Of the thousands of bridges, highways and other infrastructure across the nation in need of repair or replacement, President Barack Obama is paying special attention to a 1960s-built double-decker across the Ohio River laden with political ramifications.
The Brent Spence Bridge connecting Ohio and Kentucky _ the respective home states of Republican House Speaker John Boehner and Senate Minority Leader Mitch McConnell _ will serve as the backdrop Thursday to a visit by Obama to promote his jobs plan.
"You think these things happen by accident?" Boehner asked this week.
White House spokesman Dan Pfeiffer agreed Wednesday that the location is no accident, saying the president will contend his plan would put construction workers back to work on a project critical to both Ohio and Kentucky _ "if the Republican leaders in Congress were willing to work with the president and the Democrats to do something that would create jobs in the economy."
Obama already highlighted the bridge, which officials estimate carries 4 percent of the nation's gross domestic product annually, when he presented his jobs plan to Congress earlier this month. Keeping attention focused on the bridge also enables the White House to heat up the 2012 political campaign in the presidential election swing state of Ohio, where an incumbent Democratic senator also faces a re-election battle.
Spotlighting the Brent Spence makes sense to Andy Fox, office manager for Green B.E.A.N. Delivery in Cincinnati, which uses the bridge frequently to deliver organic and other fresh produce in the Ohio, Kentucky and Indiana region.
"I would think that would shore up his cred with the hometown crowd here," Fox said. "I can't imagine that it would hurt."
The bridge has been deemed "functionally obsolete" by federal standards for years.
"It's just frightening," Fox said of the span that carries 170,000 vehicles a day, more than double the original capacity. "It's almost always a story every day, often really close calls."
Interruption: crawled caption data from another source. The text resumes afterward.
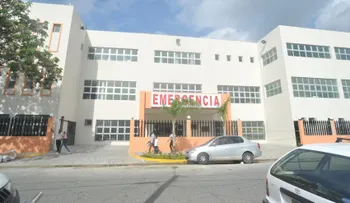 Incrementan auxiliares de seguridad en hospital Pablo Pina por expansión del 911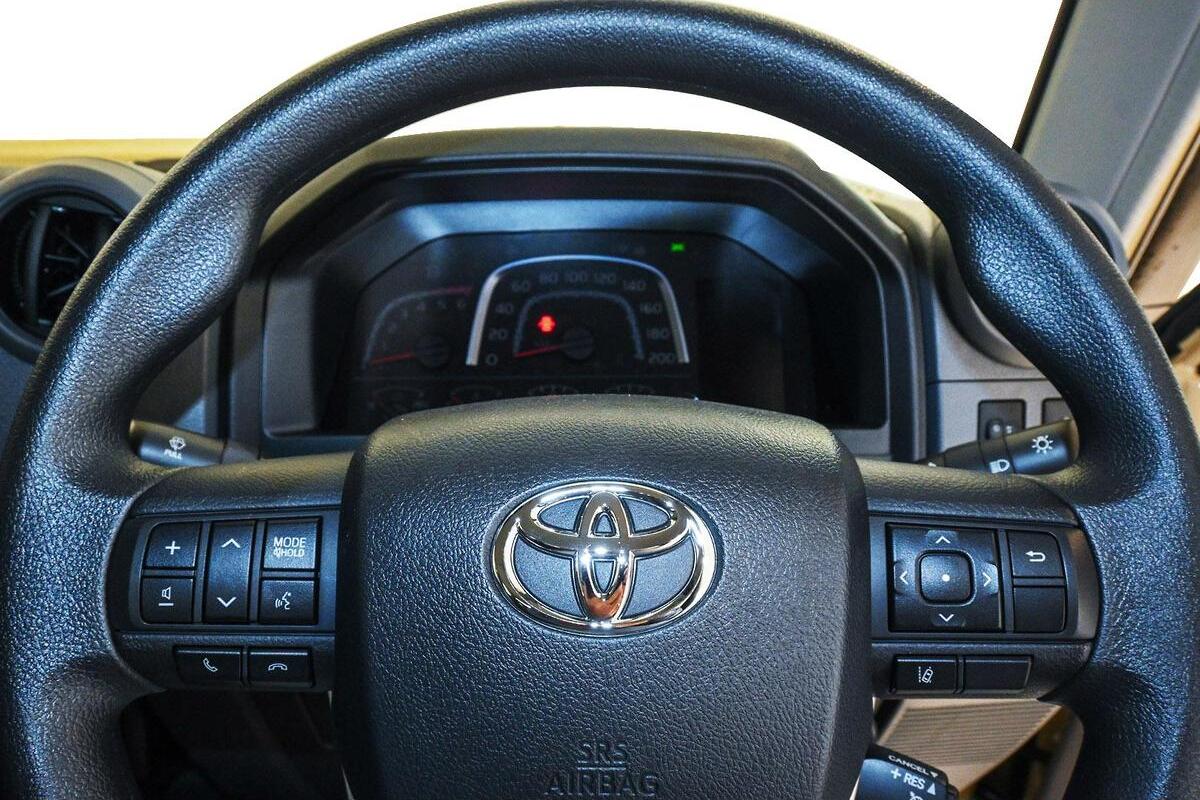 2024 Toyota Landcruiser GXL Manual 4x4 Double Cab image 12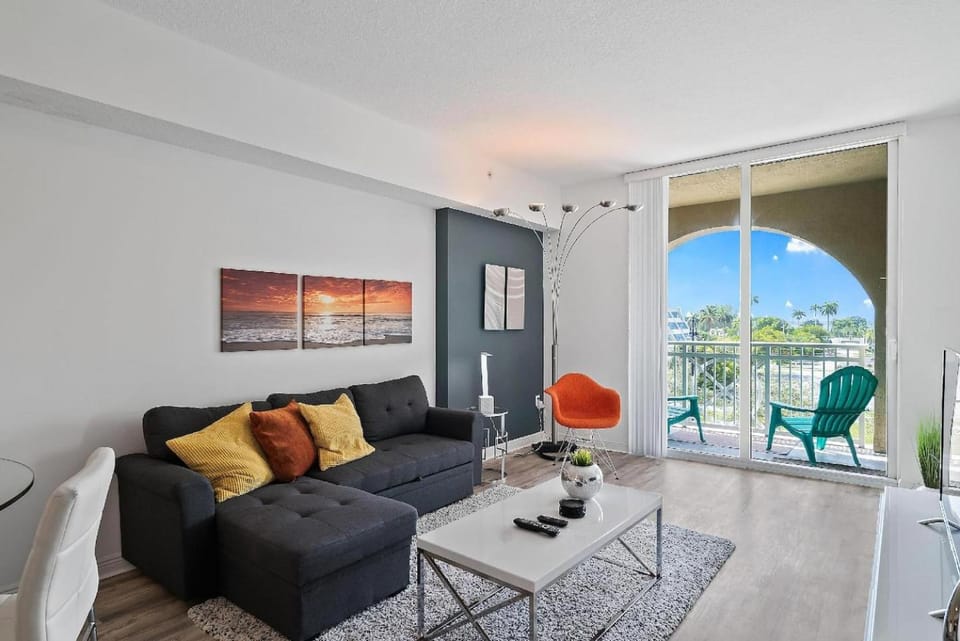 Luxury Near the Beach! Beach pass included! House in Boynton Beach
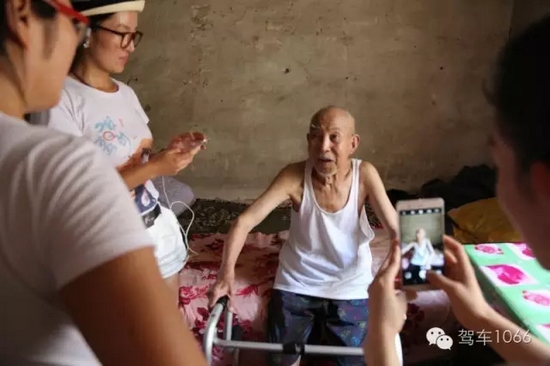 老兵老兵，你的勛章呢，國家給你的那個？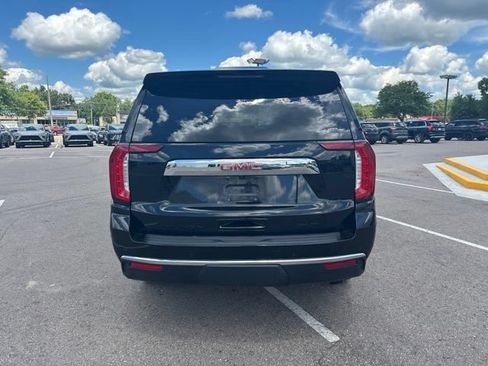 Used 2023 GMC Yukon SLT w/ SLT Premium Package AWD/4WD image 9
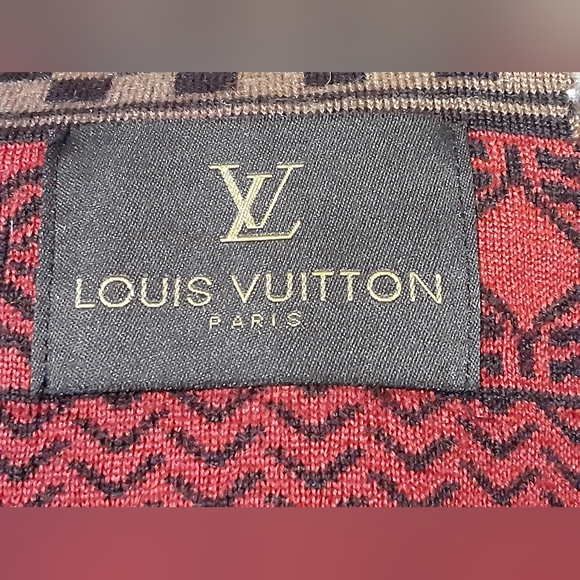 Vintage Louis Vuitton Paris hat/scarf set never worn - Picture 9 of 9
Fox said the bridge has blind spots and lanes too tight for the heavy truck traffic. Traffic from two interstates _ 75 and 71 _ is funneled across the bridge, with complex choices for motorists on either end seeking to exit or merge. It also lacks emergency lanes, adding even more danger after a breakdown or an accident _ a Cincinnati man was knocked into the river and died after a traffic accident on the bridge in June.
"Everybody around this region agrees that it has to happen, so how can you diss it?" said Gene Beaupre, a Xavier University political scientist. "Regionally, I think it was brilliant, the simple politics of it ... it's a very effective image to describe what he's trying to do."
Obama's visit will be his second to Ohio in two weeks. Vice President Joe Biden has already been to the state twice this month.
"They're more interested in counting votes than creating jobs," said Kevin DeWine, Ohio GOP chairman. "They come to Ohio because it's a state they have to win to get re-elected."
The state also will likely be pivotal for the Republican nominee. No modern-day Republican has been elected president without carrying Ohio. George W. Bush did twice; Obama won in 2008.
Additionally, Democratic Sen. Sherrod Brown, who had been lobbying the administration about the bridge, will face a Republican challenger in Ohio as he seeks a second term in 2012. DeWine said that while Brown has advocated Obama's spending programs, Ohio unemployment is still at 9.1 percent.
Brown in August gathered labor leaders and officials of companies including the United Parcel Service and grocery chain Kroger Co. in Cincinnati to highlight the bridge's importance.
"It is a key issue around here," said Doug Sizemore, who heads the AFL-CIO council in Cincinnati. "It's turning the economy around, it's taking care of infrastructure needs and creating jobs."
The project would bring tens of thousands of jobs in bridge and related highway construction. But the growing price tag, now at $2.4 billion, has left it still needing funding. And Republican officials say with more engineering and other preliminary study needed, it's still years away from being "shovel-ready" for many new jobs.
The Brent Spence project's website gives a schedule plan that shows construction wouldn't start until 2015; there's still environmental impact analysis and land acquisition to be completed.
U.S. Rep. Steve Chabot, a Cincinnati Republican, said the bridge for years has had bipartisan support and he hopes that it doesn't suddenly become a political sticking point.
"I welcome the president's new-found support of the Brent Spence," Chabot said. "I just hope that politics won't get in the way of it."
Boehner, speaking to a business luncheon this week, said "a real highway bill" from Congress should be used to help states fund infrastructure needs. He described Obama's plan as more taxes and "spending more money that we don't have."
McConnell's office released a statement earlier saying there were bridges in need of work in Virginia and other places nearer Washington that Obama could visit.
"President Obama may think the best way to distract people from the challenges we face is to stand near a bridge in a swing state and pit one group of Americans against another, and hope his critics look bad if they don't go along with him," McConnell said Wednesday in Washington. "But I don't think he's fooling anyone."
Among other bridges in need: the Sherman Minton Bridge down the river in Louisville, Ky. It has been shut down because of safety concerns since Sept. 9, the day after Obama announced his jobs plan.
AP writer Jim Kuhnhenn in Washington contributed to this report.